*** Opening of Recorded data ***

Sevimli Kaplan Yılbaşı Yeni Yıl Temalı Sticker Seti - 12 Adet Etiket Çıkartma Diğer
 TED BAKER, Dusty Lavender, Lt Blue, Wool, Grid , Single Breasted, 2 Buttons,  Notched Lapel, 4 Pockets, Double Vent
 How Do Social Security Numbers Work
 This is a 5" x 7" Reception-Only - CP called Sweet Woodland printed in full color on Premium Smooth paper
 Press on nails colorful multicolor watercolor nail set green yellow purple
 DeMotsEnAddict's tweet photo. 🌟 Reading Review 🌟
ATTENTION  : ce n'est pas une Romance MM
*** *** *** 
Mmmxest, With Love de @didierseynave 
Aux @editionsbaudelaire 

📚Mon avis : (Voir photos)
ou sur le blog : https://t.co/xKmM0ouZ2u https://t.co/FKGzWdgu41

*** Close of Recorded data ***

Assignment.
Please give an exact copy of every entry.

Written response.
Sevimli Kaplan Yılbaşı Yeni Yıl Temalı Sticker Seti - 12 Adet Etiket Çıkartma Diğer
 TED BAKER, Dusty Lavender, Lt Blue, Wool, Grid , Single Breasted, 2 Buttons,  Notched Lapel, 4 Pockets, Double Vent
 How Do Social Security Numbers Work
 This is a 5" x 7" Reception-Only - CP called Sweet Woodland printed in full color on Premium Smooth paper
 Press on nails colorful multicolor watercolor nail set green yellow purple
 DeMotsEnAddict's tweet photo. 🌟 Reading Review 🌟
ATTENTION  : ce n'est pas une Romance MM
*** *** *** 
Mmmxest, With Love de @didierseynave 
Aux @editionsbaudelaire 

📚Mon avis : (Voir photos)
ou sur le blog : https://t.co/xKmM0ouZ2u https://t.co/FKGzWdgu41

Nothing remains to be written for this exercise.